Marco Wilms Dokumentation ART WAR feierte am 12.1.2014 Prämiere an der Volksbühne Berlin.
ART WAR findet seine Berechtigung womöglich nur als gerechtfertigter Ausdruck der Wut und Verwirrung Ägyptens. Der Dokumentarfilm, stellenweise unsachlich und sprunghaft, versucht die Komplexität politischer Prozesse des Landes an der Kunst seiner Subkultur abzuleiten.
Wilms, der seine Protagonisten über zwei Jahre verfolgt, bleibt oberflächlich, denn einer intellektuellen oder politischen Disposition verbunden zu sein, entbindet wiederum nicht von der Verantwortung, eigene Beweggründe oder Gegenteiliges mit größter Genauigkeit herauszustellen: In diesem Sinne könnte man diesen Dokumentarfilm sogar missverständlich nennen; denn was die gerechtfertigte Anteilnahme, die der Regisseur den jungen Künstlern zukommen lässt, auslöst, kommt zu kurz.
Vielmehr noch: Selten befragt er seine Protagonisten. Es hat den Anschein, als wäre Wilms nicht etwa daran gelegen, seine Charaktere abzubilden, sondern vor allem – sie zu inszenieren. Ritornellartig verflechtet der Regisseur Bilder von Künstlern in Pose und Künstlern in Tränen, streut immer wieder Footage gewaltsamer Auseinandersetzung ein und zielt damit zuerst auf die Empörung des Publikums ab, nicht aber auf konkretes Verständnis. Mit einer Kombination aus Sachlichkeit und Sensation, mit der etwa ein Guido Knopp referiert, erliegt ART WAR der Unmöglichkeit, politische Komplexe bloß stichprobenartig darzustellen. So stellt sich in der Reflektion über Gesehenes die Frage, ob ästhetische Verzerrung einer Dokumentation abträglich wird, und ob ART WAR nicht bloß ein Gefühl der Authentizität – oder der Repräsentanz – durch Affekt bildet. Das ist schade, zeigt uns der Film doch für Augenblicke so wichtiges Material! Denn es ist wichtig, dass wieder erinnert wird, wo religiöser Fundamentalismus in Ägypten ansetzt, oder wie weit dessen aktuelle Gesellschaft von einer tatsächlichen Gleichberechtigung aller Teilnehmenden entfernt ist.

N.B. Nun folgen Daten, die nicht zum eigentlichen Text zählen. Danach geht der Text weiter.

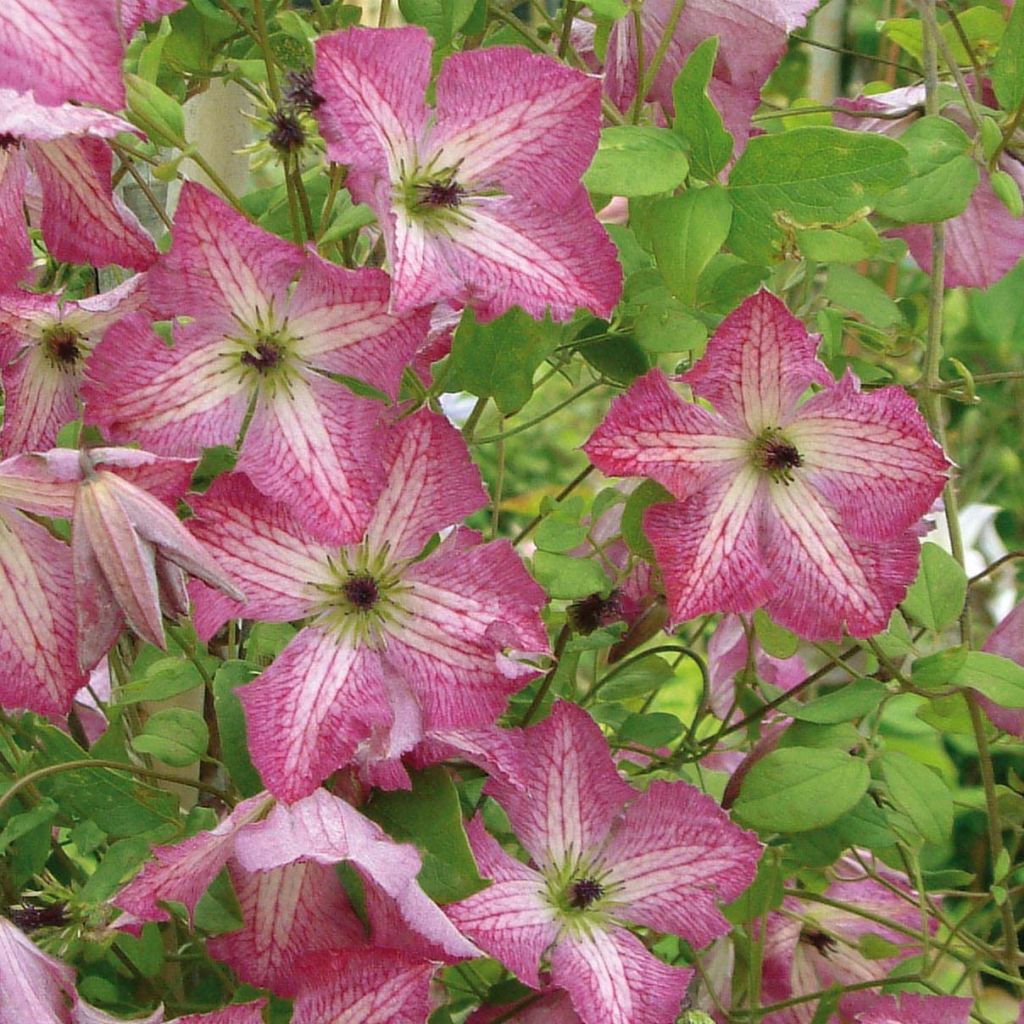 Clematis viticella I am Happy - Italiaanse clematis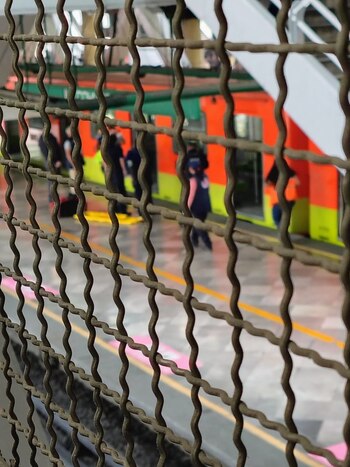 El servicio en la Línea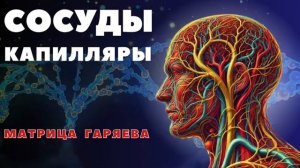 Исцеление Сосудов и Капилляров*Восстановление Здоровья через Уникальную Матрицу Здоровья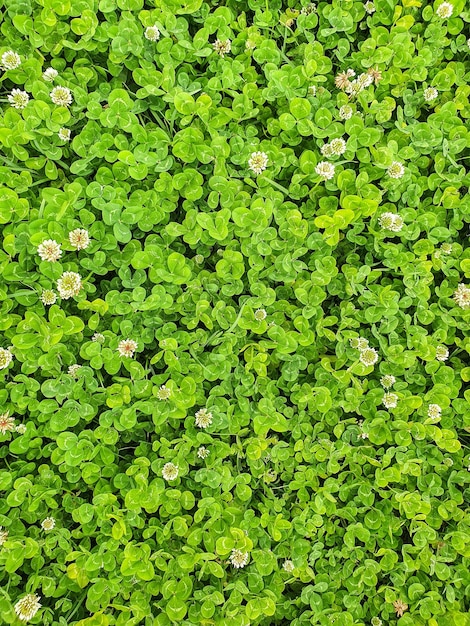 Fondo tapiz verde natural de hojas de trebol con flores blancas sustituto de cesped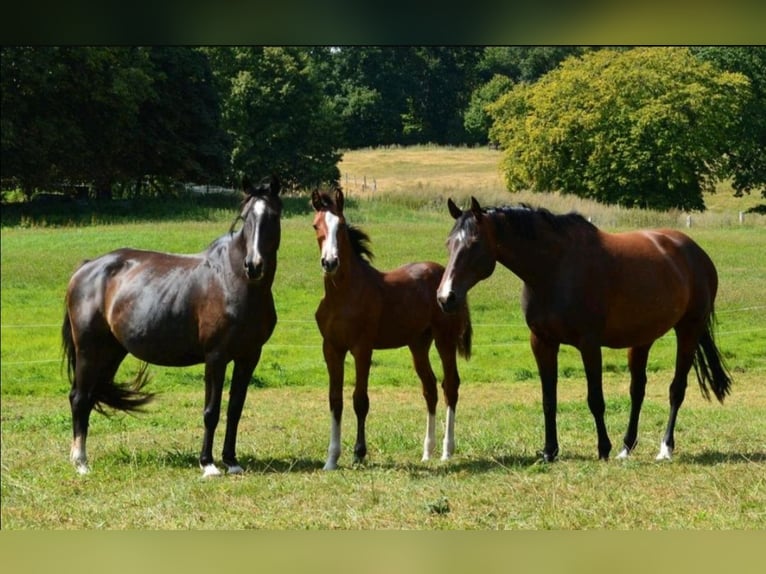 Holstein Stallion Foal (04/2025) Brown in S&#xFC;sel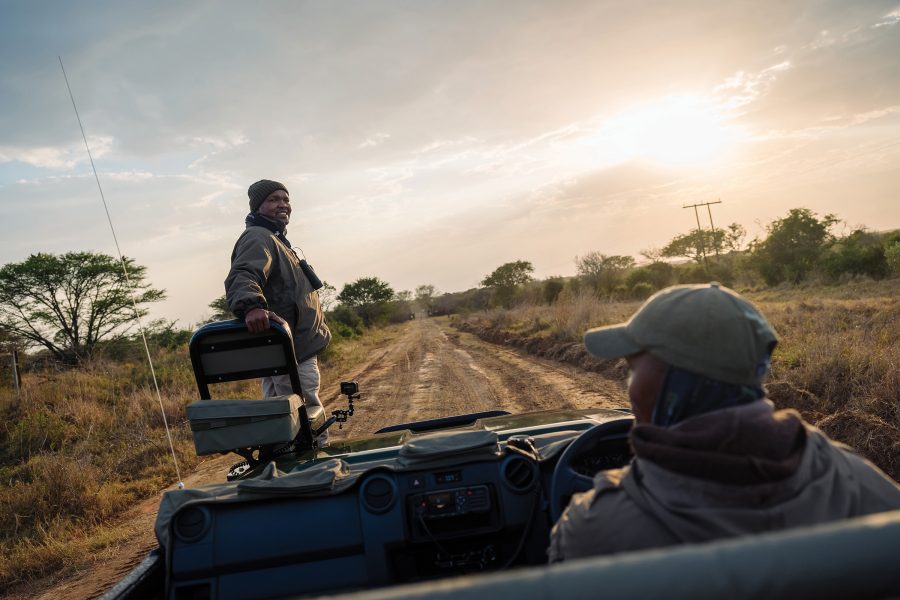 The front of a safari vehicle, with a tracker in his raised seat and a guide behind the wheel.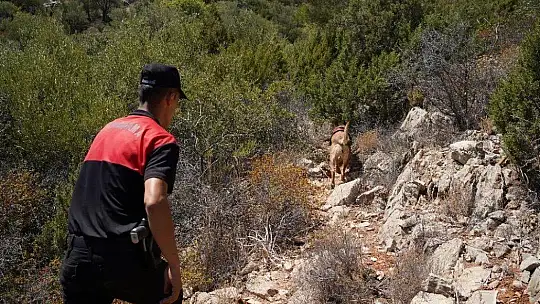 Köpeğin getirdiği insan kafatası polisi alarma geçirdi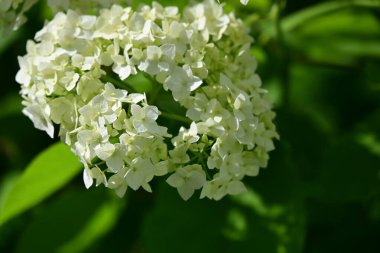 Bahçedeki güzel ortanca çiçekleri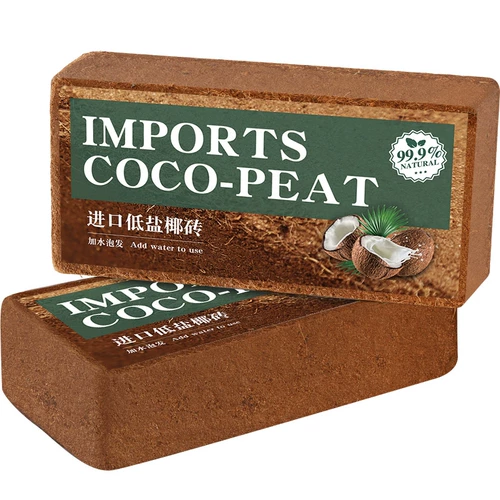 Кокосовое кирпичное питание почва почва Кокосовое кокосовое кокосовое кокосовое оболоч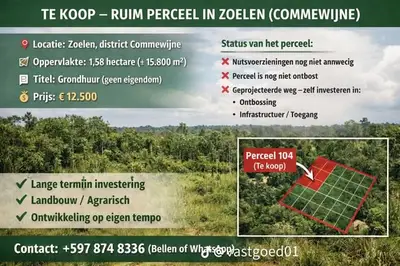 Foto van Geprojecteerdeweg
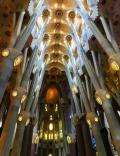 Inspiration from Nature. Pillars in the shape of tree trunks are used to build Sagrada Familia, Spain.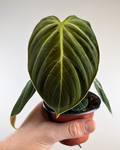 Philodendron El Choco Red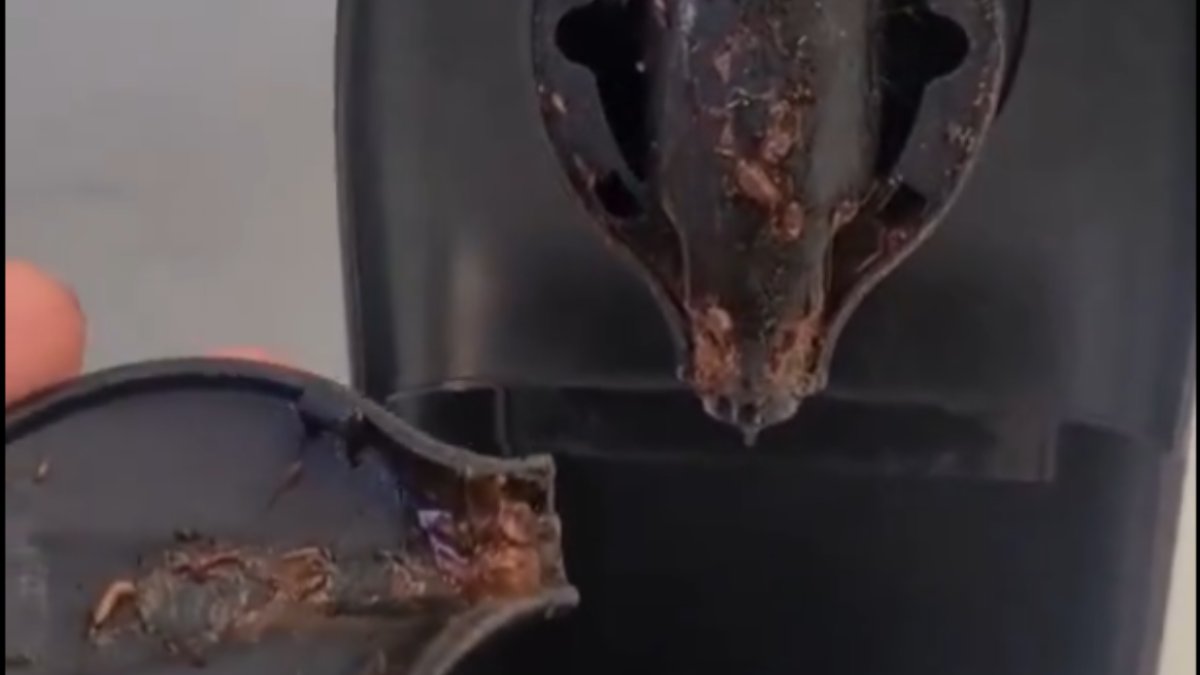 A infestação pode ser grande e estar em mais de uma parte da máquina (Foto: Reprodução/X)
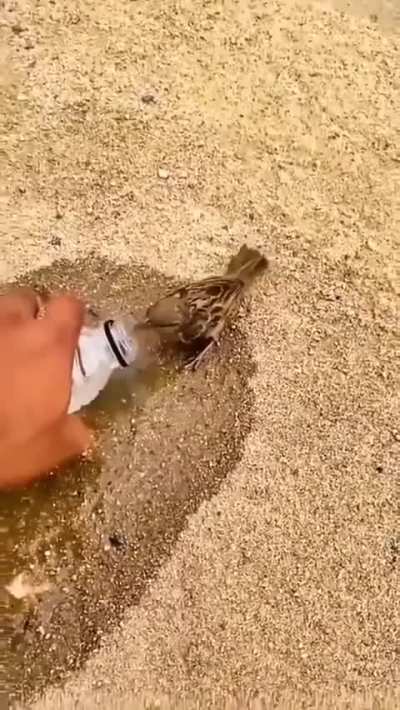 Guy offers water to dying bird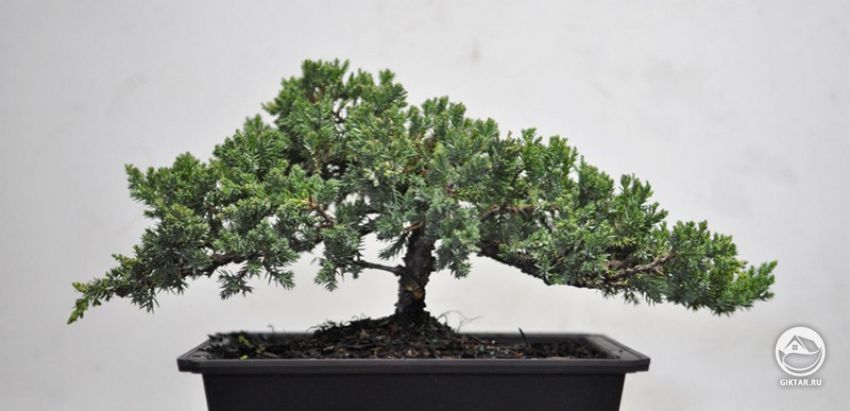 Можжевельник китайский . Бонсай. Можжевельник китайский . Бонсай.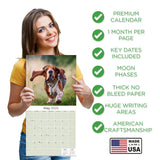 Basset Hound Wall Calendar 2025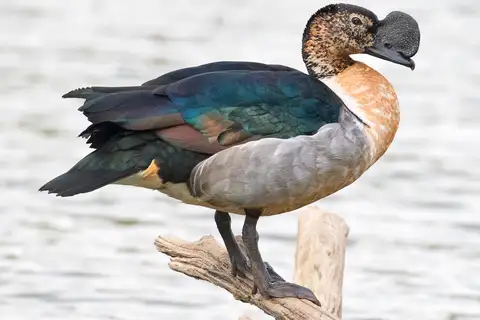 Knob-billed Duck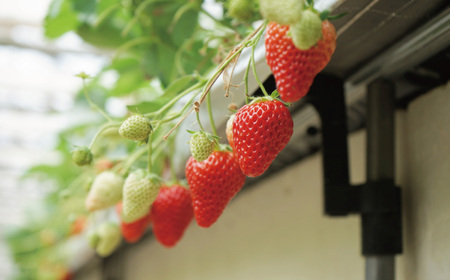 【湘南産】完熟いちごのいちごミルクの素＆ぷるぷるいちごの素セット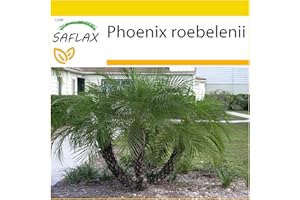SAFLAX - Potting Set - Pigmy Date Palm - 25 seeds - Phoenix roebelenii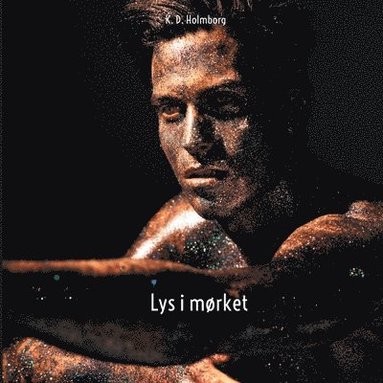 bokomslag Lys i mørket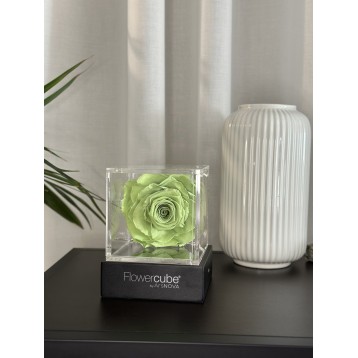 Flowercube Verde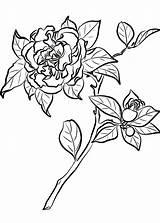 Colorare Disegni Camellia sketch template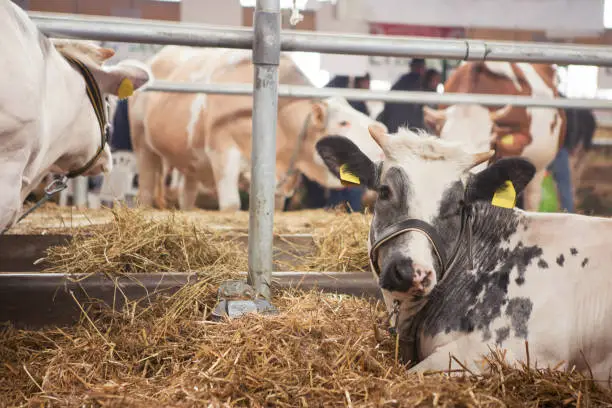 Photo of Black and white cow lies in the hay in a barn.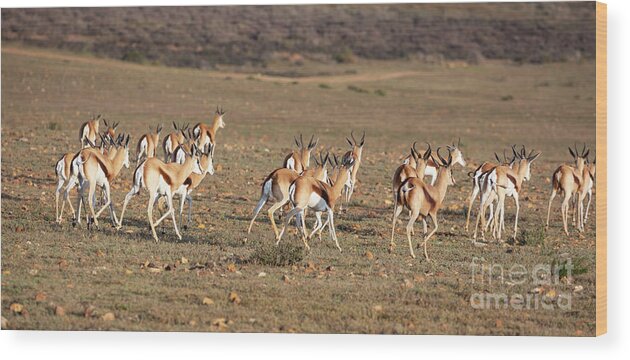 Springbok Wood Print featuring the photograph Springbok by Eva Lechner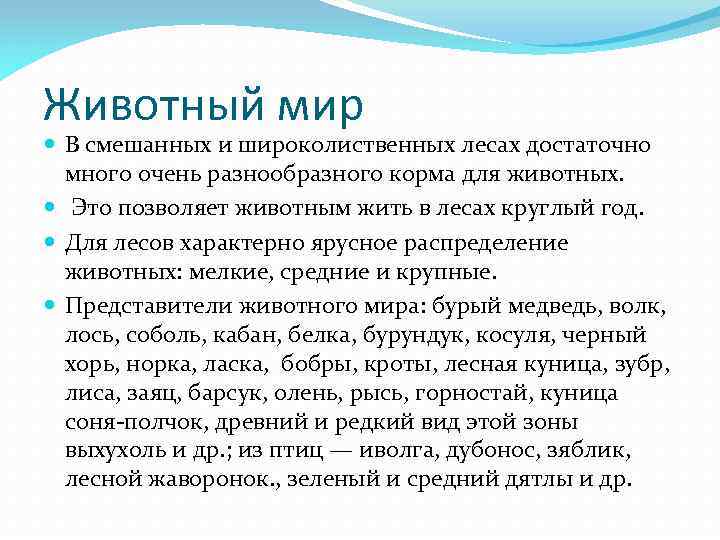 Животный мир В смешанных и широколиственных лесах достаточно много очень разнообразного корма для животных.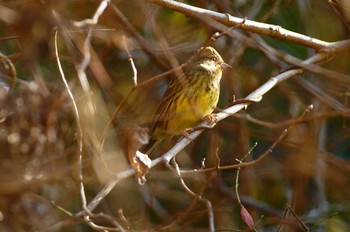 アオジ 陣馬山 2019年12月16日(月)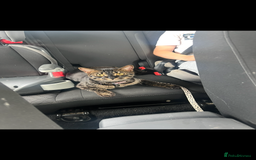 Bengal cats for sale: Female bengal kittens for sale  - Image 12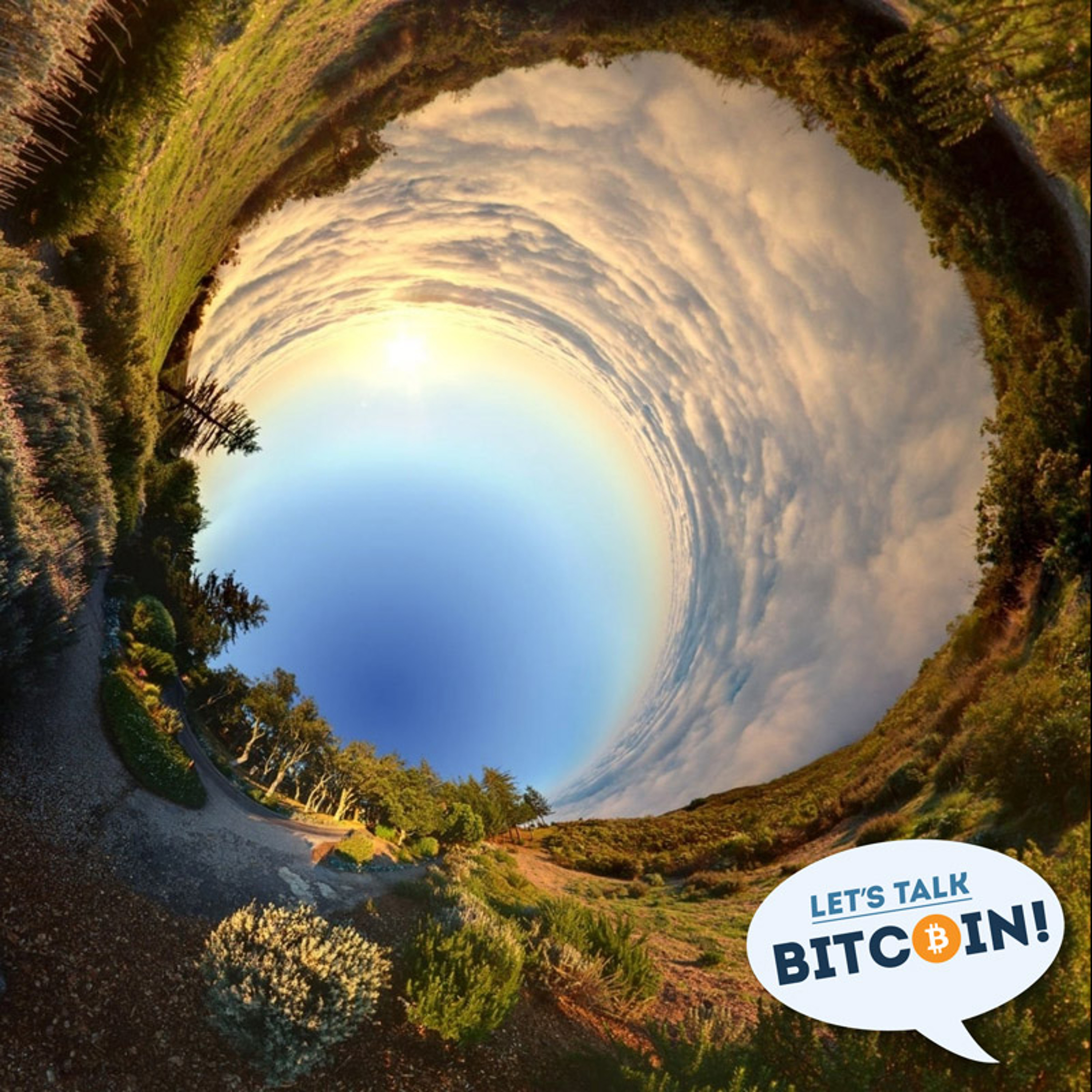 LTB E203 - Digging In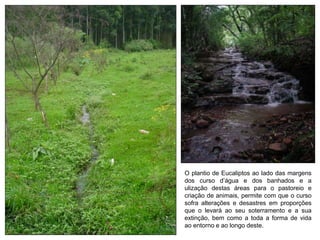 O plantio de Eucaliptos ao lado das margens
dos curso d’água e dos banhados e a
ulização destas áreas para o pastoreio e
criação de animais, permite com que o curso
sofra alterações e desastres em proporções
que o levará ao seu soterramento e a sua
extinção, bem como a toda a forma de vida
ao entorno e ao longo deste.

Ist es dem Dokumentarfilm geboten ist, historisch aufzuarbeiten – und kommentierter Bericht zu sein – versagt ART WAR. Vielmehr präsentiert sich eine eineinhalbstündige Tour De Force durch die politischen Verwirrungen Ägyptens. Street Art fungiert als Rahmenerzählung, eine gelungene Einbindung scheitert aber an der Unsachlichkeit ihrer Herangehensweise. ART WAR will sehr viel: doch wie sehr sich auch das drastische Material manchmal genügen wurde, ist die simple Darstellung niemals ausreichend.